Bingo Update – This is for my Rainbow Flag square. Malinda Lo is out and proud. As an added bonus, this is also a queer retelling of Cinderella, so it’s a queer writer telling a queer story!
I love a good fairy tale re-telling. Contemporary literature is rife with reimaginings, updates, and new spins on old tales told around the fire…but not all of them are good. I’m glad to say that Ash by Melinda Lo *is* good, but it doesn’t quite rise to the ranks of great. It’s definitely a book I wish the half star system existed for, as I’m more inclined to give it 3.5 than 4.

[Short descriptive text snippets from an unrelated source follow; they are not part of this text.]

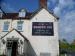 Horton Inn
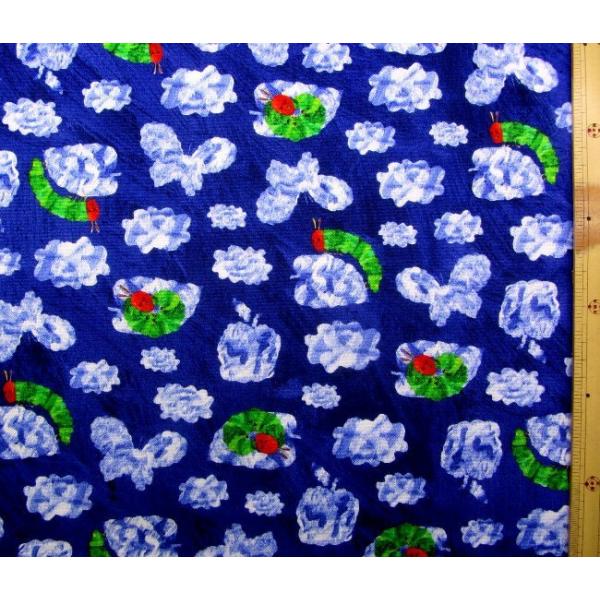 LN^[ n z ͂؂ނiGbNEJ[j i n ) ԍRP i 2022 ) IbNX i 100 ) n|108cm G-4182-1B-kk-7034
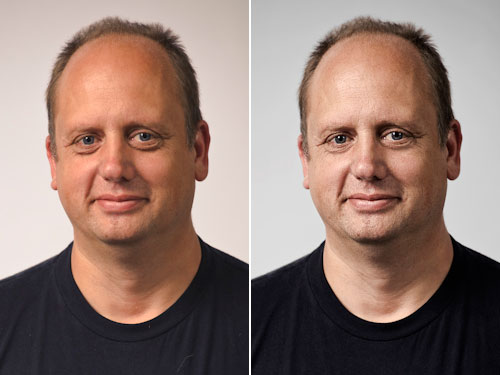 portrattfotografering_retusch-fore-efter portrattfotografering_retusch-fore-efter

Ash maintains it’s classical setting, a not quite Europe of olden days, where hunts mattered, carriages would take you to a ball, and festivals were important to everyone. It’s very Celtic in its sensibilities, which works in its favor as far as this hibernophile is concerned. Our Cinderella in this version is Aisling, who goes by the nickname Ash before she starts spending time laying by the the sooty banked fire reading in her solitude. The story opens with the death of Ash’s mother and her father’s remarriage to a woman of some stature with two daughters of her own. Ash’s father dies, leaving behind debts that Ash must pay off by serving her stepmother and stepsisters, staying fairly on script for a Cinderella tale. What is interesting is where we replace the fairy godmother and handsome prince of Disney, and how our heroine gains her freedom from servitude.

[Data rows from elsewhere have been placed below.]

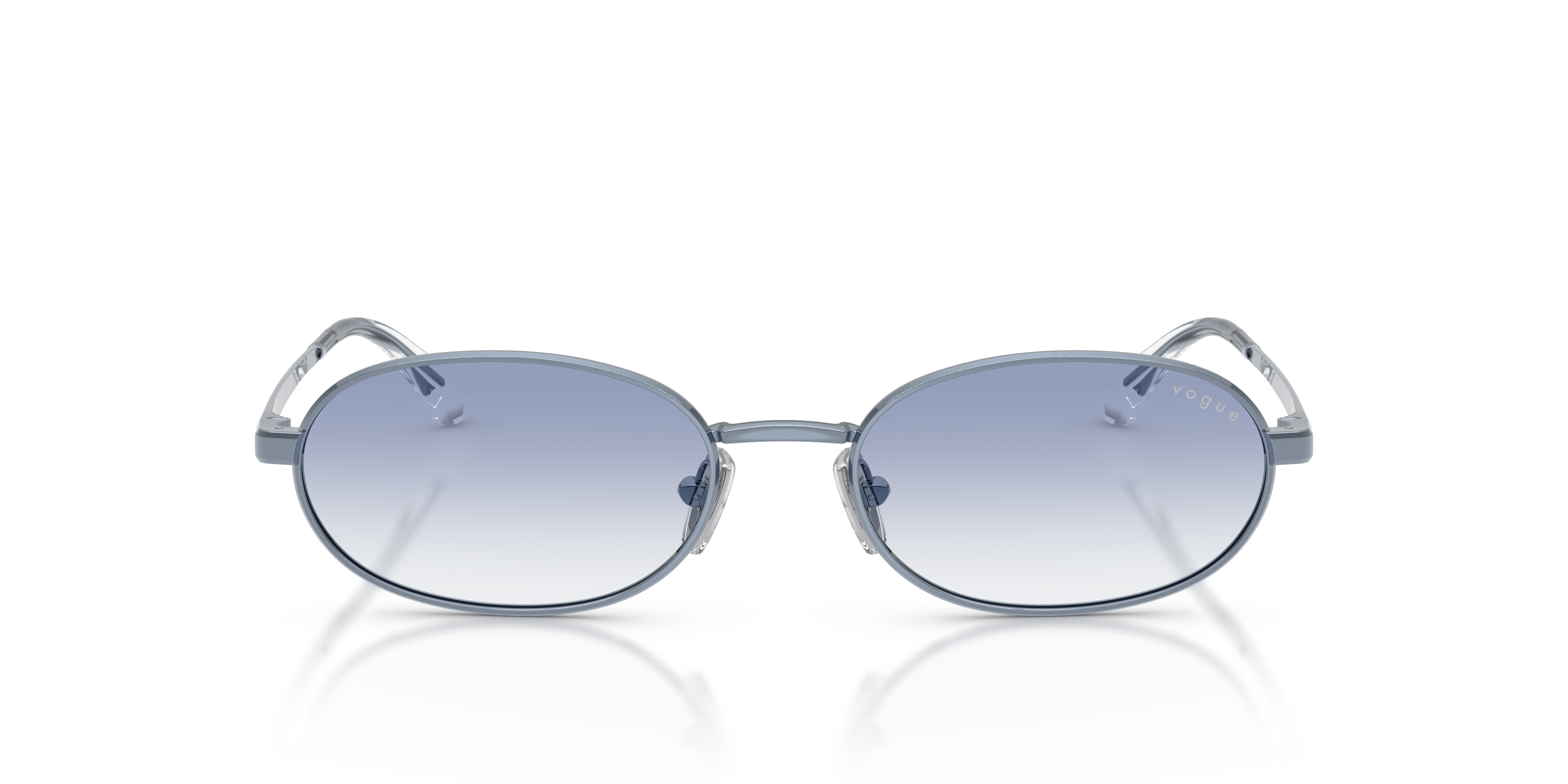 Vogue VO4353S 521419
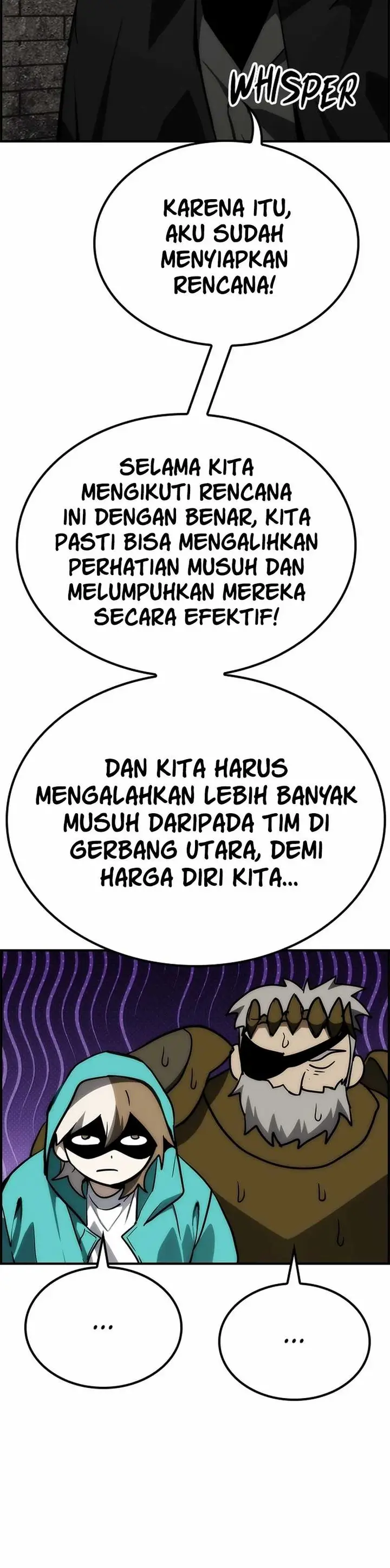 image-komik-bad-ending-maker-chapter-53-22/36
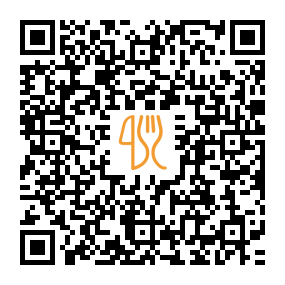 Carte QR de Sherpas Modern Mountain Apartments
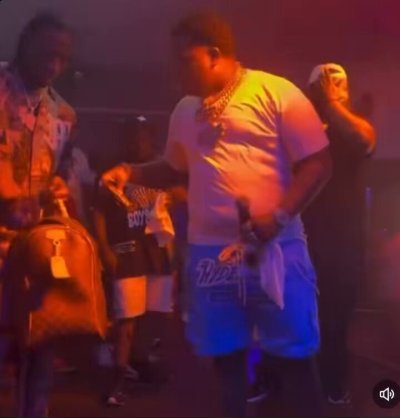 Watch HBMtv's leaked NSFW video on TwXstars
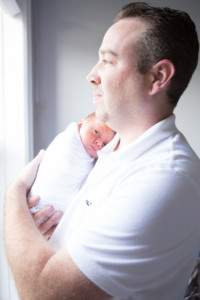 newborn photographer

Doing so, we mix the deeply Celtic Pagan with some historical fiction. There’s a clash of old and new, a variation on the conflict between Pagans and Christians, here represented by greenwitches/the Fae and philosophers. Honestly, the conflict between the two isn’t terribly significant, other than to establish that some people believe one thing, and some another. What *is* important is the Fae and how they affect Ash’s life. She begins a friendship and sort of romance with a Fae named Sidhean (pronounced ‘sheen’) who helps her in a fairy godmother’s stead, but also proves to be our central point of conflict. See, the prince, and even Sidhean, do not represent our heroine’s romantic interest. That honor goes to the King’s Huntress, Kaisa.
I don’t want to get into the details of the plot, so this can stay spoiler free, but I want to talk about these relationships a little. So if you feel that might step on your enjoyment, jump off here.

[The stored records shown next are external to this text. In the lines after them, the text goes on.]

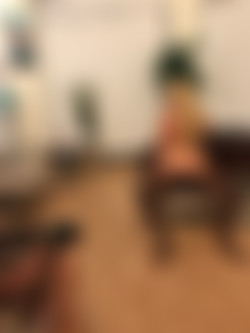 [OnlyFans] Sara Jay - Complete Siterip (October 1, 2017)/Pics/Sara Jay - OnlyFans - 2017.7.20 (1)(5).jpg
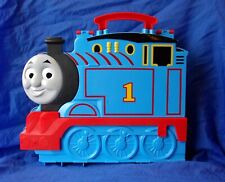 Thomas train friends for sale  Horseheads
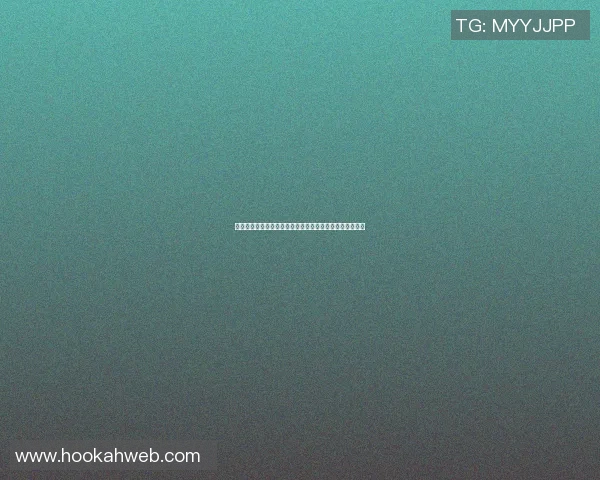 足球明星们的卷发风潮背后隐藏的时尚密码与个性魅力分析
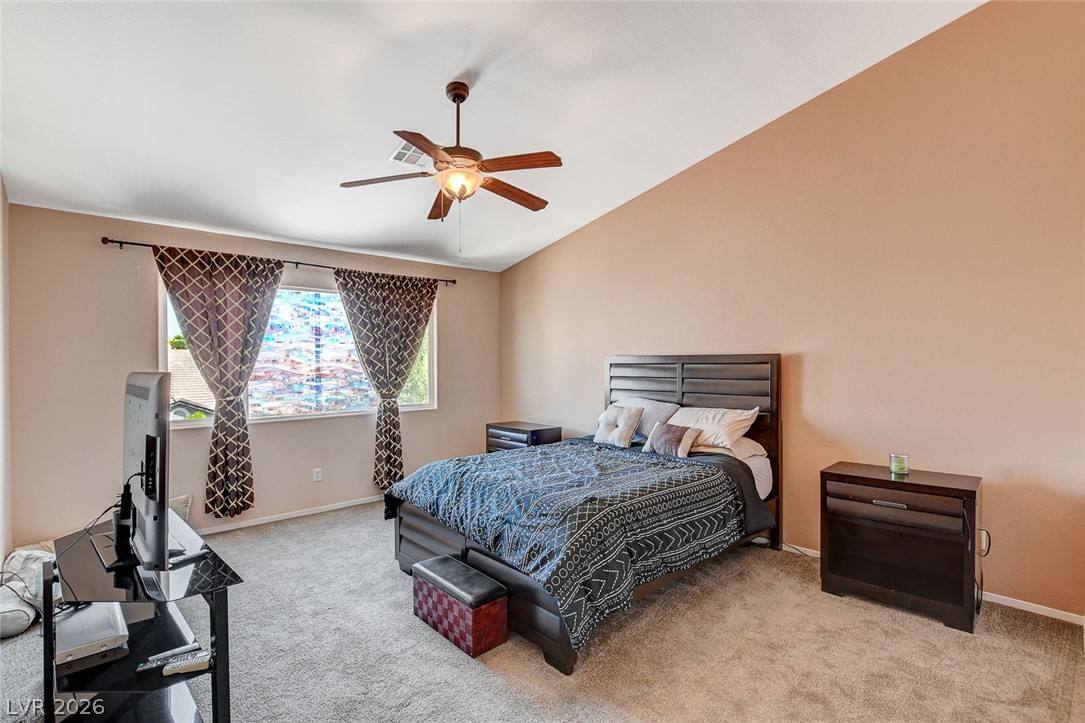 10334 Juniper Creek Lane Las Vegas NV 89145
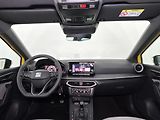Seat Arona (2026) FR - náhled 4
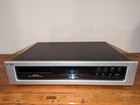 Norh CD-1 Tube 12AX7 CD1 Audiophile Player 24/96 Burr Brown PCM 24bit — photo 1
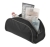 Sea_to_Summit Travelling Light Toiletry Bag - Small - Black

I don’t know that I truly buy into either of Ash’s romantic entanglements. I think it’s disingenuous to pretend that she has no feelings for Sidhean initially, and the book works hard to make us think she’s starting to feel something for Kaisa, but I don’t think either of those materialize into something compelling. One might argue that the nature of the story being told lends itself to that, and they’d be right. Prince Charming doesn’t even always get a name, let alone compelling chemistry with Cinderella, but we’re expected to swoon for their romance and marriage after one night of dancing. I do think Melinda Lo does a better job than the original at representing what *really* matters; not Cinderella’s or Ash’s heart, but rather, her freedom and sense of self. Sidhean offers Ash an escape, but into another form of bondage. Kaisa offers her nothing but appreciation of herself. In this way, Kaisa is a better choice, even if I don’t feel any particular passion between them. Ash tosses her heart after every passing breeze, which makes sense; she’s been abandoned by everyone she’s ever loved. She wants to belong somewhere, to and with someone, but she hasn’t lived a life that lends itself to understanding what that would mean in a healthy way. She takes her time with both partners, something the original tale certainly doesn’t bother with.
My central complaint is that I’m not sure there’s enough ‘there’ there, as they say. It almost feels as if it might benefit from being much shorter. The longer we spend in this world with these characters, but without adding significant depth to them or their relationships, the harder it is to ignore the lightness of the sketch. The prose is solid and evocative, and Ms. Lo’s understanding of Celtic mythology is substantial. The place felt real to me, but the characters never quite got to real dimensionality.
All that said, it’s a good retelling and worth a read, especially if you are searching for more queer representation in your fairy tale lit!